The regulations effectively codify the position that foreign access to personal data may pose a national security risk. CFIUS has now put companies that collect or maintain sensitive personal data on notice that foreign investments may raise national security concerns that require CFIUS review. The expansive definition of sensitive personal data means that a broad swath of U.S. emerging companies that are active in capital markets and routinely attract foreign investment may be subject to CFIUS's review. This possibility could delay or block investment, create uncertainty, and further the chilling effect on foreign investment, as evidenced by the 90 percent decline in Chinese direct investment in the United States from 2016 to 2018. See Uptin Saiidi, "China's Foreign Direct Investment Into the US Dropped Precipitously in 2018, Data Show," CNBC, Jan. 15, 2019.

Furthermore, where a foreign government is involved at a certain threshold in the investment transaction in a U.S. business that maintains sensitive personal data, the regulations mandate submitting a pre-closing filing to CFIUS. Failure to submit a required filing can subject the parties to penalties up to the amount of the transaction. Even where a covered transaction does not trigger a mandatory filing, CFIUS has the power to require the parties to adopt mitigation measures to address perceived national security issues.

While the efforts by Congress, the FTC and CFIUS demonstrate the government's interest in establishing controls on foreign access to U.S. data, the vastness and diversity of global data flows and data access mechanisms may make regulators feel like they are using a toy telescope to study the universe. The record of existing efforts on controlling cross-border data flows are not encouraging. For example, commentators estimate that under 10% of flows of personal data flows from Europe to the United States are captured by the EU's efforts to control outflows of personal data to the United States through legal mechanisms, such as Standard Contractual Clauses, Binding Corporate Rules, and U.S.-EU Privacy Shield. The vast majority of the data reportedly flows freely across the Atlantic.

Even though the increased regulation comes in response to the 2016 influence campaign, the powers afforded the FTC and CFIUS would not have prevented or stopped that campaign.

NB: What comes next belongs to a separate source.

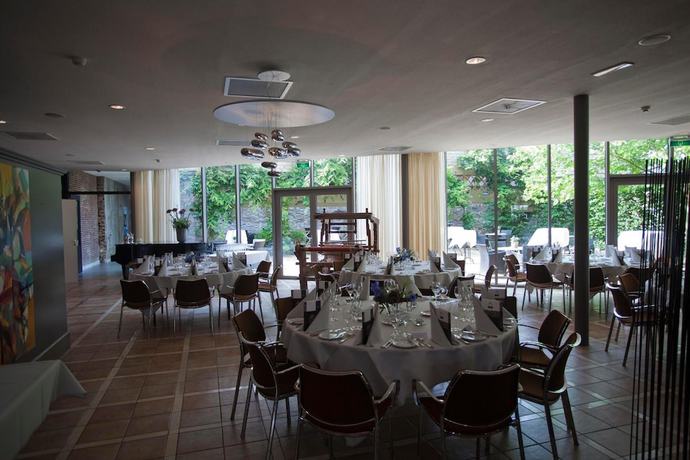 Imagen del bar/restaurante del Hotel Boutique and Restaurant Cordial. Foto 8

The FTC's applicable authority limits the Commission's power to prevent data misuse. Instead, the FTC only can penalize ongoing or past conduct that the agency alleges to be misleading or deceptive. CFIUS can only impose its restriction in connection with foreign investments (i.e., mergers, acquisitions, takeovers, investments, or conversions of contingent equity interests), not any other transfer of data, such as those that occur in the course of dealings with foreign service providers or in connection with other commercial transactions.

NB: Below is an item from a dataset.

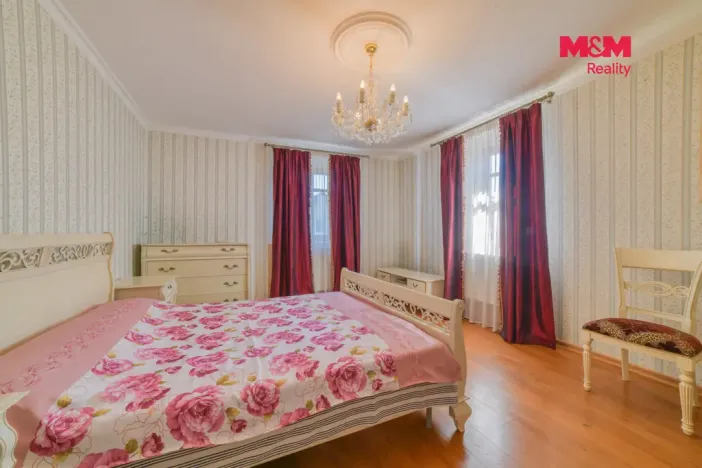 Prodej rodinného domu, Velká Hleďsebe, Pohraniční stráže, 220 m2
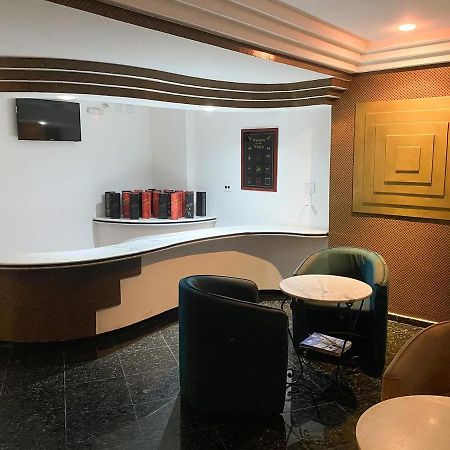 Motel Villa Di Roma (Adults Only) Гуаружа Экстерьер фото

CFIUS's authority is in some respects a blunt instrument, the application of which is a matter of regulatory discretion. The mere possibility of enforcement will undoubtedly deter foreign investment into data-driven companies. In an age where there's an app for everything, from booking travel to grocery shopping to buying insurance to finding the best selfie angle, there may be an outsized impact on emerging companies.

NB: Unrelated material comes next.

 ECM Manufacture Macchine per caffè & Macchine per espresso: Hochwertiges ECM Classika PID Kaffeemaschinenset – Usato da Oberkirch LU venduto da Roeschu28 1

As the United States continues to navigate regulating foreign access to American's data, the government should consider lessons learned from past efforts to limit trade to protect national security. For example, in 1999, fearing foreign access to U.S. satellite technology, the U.S. imposed export controls limiting foreign sales of U.S. commercial satellites. The result: The U.S. market in global satellite manufacturing shrunk in half from 1999 to 2013, and industry groups estimate that U.S. manufacturers lost $21 billion in satellite manufacturing revenue from between 1999 and 2009 alone. See Stephen Clark, "Obama Signs Law Easing Satellite Export Controls," Spaceflight Now (Jan. 3, 2013). This history suggests that efforts to stem foreign access to sensitive personal data should be narrowly tailored to facilitate security and limit economic impact.

Boris Segalis is a New York City-based partner at Cooley and vice chair of the firm's cyber/data/privacy practice. Kevin King is a Washington D.C.-based partner and Jina John is a New York City-based associate at the firm.